#### Saved data entries:
<<<<

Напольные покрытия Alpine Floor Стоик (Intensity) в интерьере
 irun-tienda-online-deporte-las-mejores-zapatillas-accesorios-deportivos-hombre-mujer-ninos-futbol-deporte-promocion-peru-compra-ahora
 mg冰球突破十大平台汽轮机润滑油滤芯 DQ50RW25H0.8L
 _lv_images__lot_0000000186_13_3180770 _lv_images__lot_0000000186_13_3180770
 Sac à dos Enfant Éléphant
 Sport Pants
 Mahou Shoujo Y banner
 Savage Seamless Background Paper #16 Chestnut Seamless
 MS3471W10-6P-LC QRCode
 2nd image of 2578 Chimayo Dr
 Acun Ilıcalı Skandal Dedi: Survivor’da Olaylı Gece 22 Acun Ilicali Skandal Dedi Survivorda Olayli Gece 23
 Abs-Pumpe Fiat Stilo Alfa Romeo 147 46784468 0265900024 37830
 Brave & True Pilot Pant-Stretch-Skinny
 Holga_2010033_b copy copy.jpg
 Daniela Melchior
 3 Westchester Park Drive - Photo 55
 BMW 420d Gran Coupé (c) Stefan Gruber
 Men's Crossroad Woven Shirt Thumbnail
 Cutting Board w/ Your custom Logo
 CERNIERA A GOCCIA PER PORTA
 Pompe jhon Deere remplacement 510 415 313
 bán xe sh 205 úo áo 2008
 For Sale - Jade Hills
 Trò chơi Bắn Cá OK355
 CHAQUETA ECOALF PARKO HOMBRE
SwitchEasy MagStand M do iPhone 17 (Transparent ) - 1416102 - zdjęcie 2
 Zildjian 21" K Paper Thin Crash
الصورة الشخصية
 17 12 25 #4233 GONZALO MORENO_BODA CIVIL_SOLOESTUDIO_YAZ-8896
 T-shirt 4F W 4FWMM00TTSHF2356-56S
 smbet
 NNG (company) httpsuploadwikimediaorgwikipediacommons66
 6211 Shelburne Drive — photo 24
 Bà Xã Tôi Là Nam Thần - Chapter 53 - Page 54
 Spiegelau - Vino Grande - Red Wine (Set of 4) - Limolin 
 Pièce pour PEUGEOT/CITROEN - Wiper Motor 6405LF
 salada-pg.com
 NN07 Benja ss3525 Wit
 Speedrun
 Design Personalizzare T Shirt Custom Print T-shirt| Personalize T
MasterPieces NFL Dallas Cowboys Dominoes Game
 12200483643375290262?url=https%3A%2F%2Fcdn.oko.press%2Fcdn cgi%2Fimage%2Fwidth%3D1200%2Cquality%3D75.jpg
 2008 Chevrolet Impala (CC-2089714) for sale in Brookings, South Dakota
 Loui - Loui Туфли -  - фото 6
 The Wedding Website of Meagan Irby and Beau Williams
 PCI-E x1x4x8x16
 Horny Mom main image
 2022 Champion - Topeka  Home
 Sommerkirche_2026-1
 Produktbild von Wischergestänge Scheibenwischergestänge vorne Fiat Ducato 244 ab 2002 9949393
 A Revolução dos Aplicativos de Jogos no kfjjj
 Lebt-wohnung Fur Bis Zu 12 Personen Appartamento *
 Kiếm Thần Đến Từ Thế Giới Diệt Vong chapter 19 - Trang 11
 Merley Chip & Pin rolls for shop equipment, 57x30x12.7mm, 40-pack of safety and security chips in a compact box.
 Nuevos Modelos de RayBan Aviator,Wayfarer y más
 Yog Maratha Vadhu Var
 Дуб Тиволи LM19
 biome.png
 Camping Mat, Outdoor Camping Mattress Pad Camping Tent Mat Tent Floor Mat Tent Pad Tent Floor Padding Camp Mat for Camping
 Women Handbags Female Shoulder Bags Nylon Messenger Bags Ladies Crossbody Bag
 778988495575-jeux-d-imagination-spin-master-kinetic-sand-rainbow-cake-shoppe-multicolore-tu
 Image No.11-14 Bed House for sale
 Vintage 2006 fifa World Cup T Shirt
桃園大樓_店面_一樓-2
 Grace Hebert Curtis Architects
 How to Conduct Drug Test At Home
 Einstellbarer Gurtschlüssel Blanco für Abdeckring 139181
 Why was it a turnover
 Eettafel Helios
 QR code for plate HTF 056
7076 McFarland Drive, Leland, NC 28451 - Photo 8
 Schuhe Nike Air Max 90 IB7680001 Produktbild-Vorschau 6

>>>>

#### Task directions:
Your answer should be the lines above that contain the word "Thần", copied out.

#### Result of the task:
 Bà Xã Tôi Là Nam Thần - Chapter 53 - Page 54
 Kiếm Thần Đến Từ Thế Giới Diệt Vong chapter 19 - Trang 11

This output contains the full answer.